Dominican baseball player (born 1960)

Julio Cesar Solano (born January 8, 1960) is a Dominican former professional baseball player who pitched in Major League Baseball from 1983 to 1989 and in the Chinese Professional Baseball League between 1992 and 1999.

Solano signed with the Houston Astros as an undrafted free agent in November 1979. With the Asheville Tourists in 1982, he tied for the South Atlantic League lead with 3 shutouts and was second with 163 strikeouts. He made his MLB debut with Houston in 1983, going 0–2 with a 6.00 ERA in four relief appearances. He split the next three seasons between Houston in the minors, with a 6–6 record and 4.49 ERA in 78 games.

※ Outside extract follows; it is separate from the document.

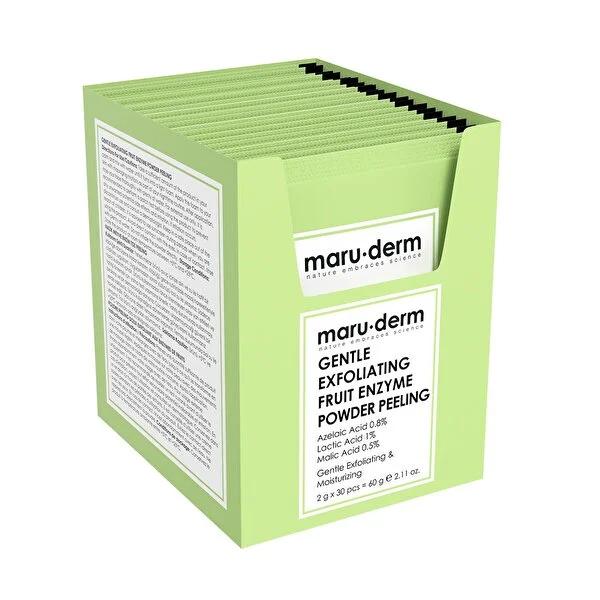 Maruderm Fruit Enzyme Powder Peel: Gentle Exfoliator for Sensitive Skin, Azelaic & Lactic Acid to Brighten & Reduce Blemishes - 60g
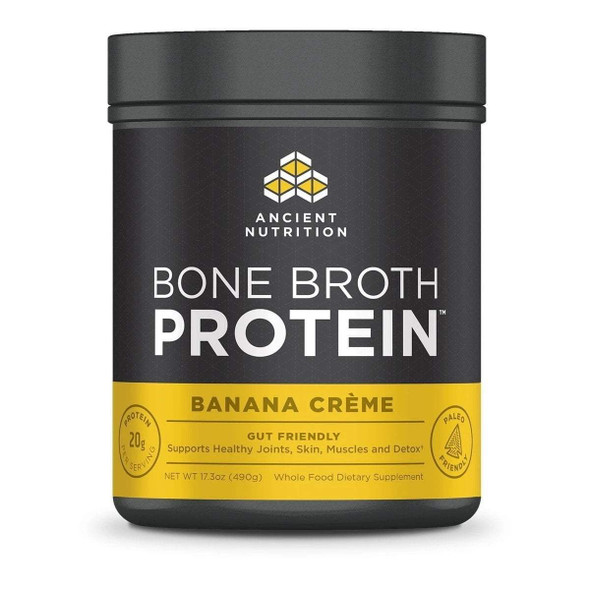 AN Bone Broth Protein 20 Servings Banana Creme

Houston traded Solano to the Seattle Mariners for pitcher Doug Givler on September 30, 1987. Solano pitched in parts of two seasons for the Mariners, with no record and a 4.55 ERA. He became a free agent after the 1989 season, never pitching in the majors again.

Solano pitched in the Chinese Professional Baseball League for the Mercuries Tigers in 1992, Wei Chuan Dragons in 1995, and Sinon Bulls in 1998 and 1999. He also pitched for the Acereros de Monclova in the Mexican League in 1991, 1993, 1994, and 1996, Petroleros de Poza Rica in 1996, and Guerreros de Oaxaca in 1997.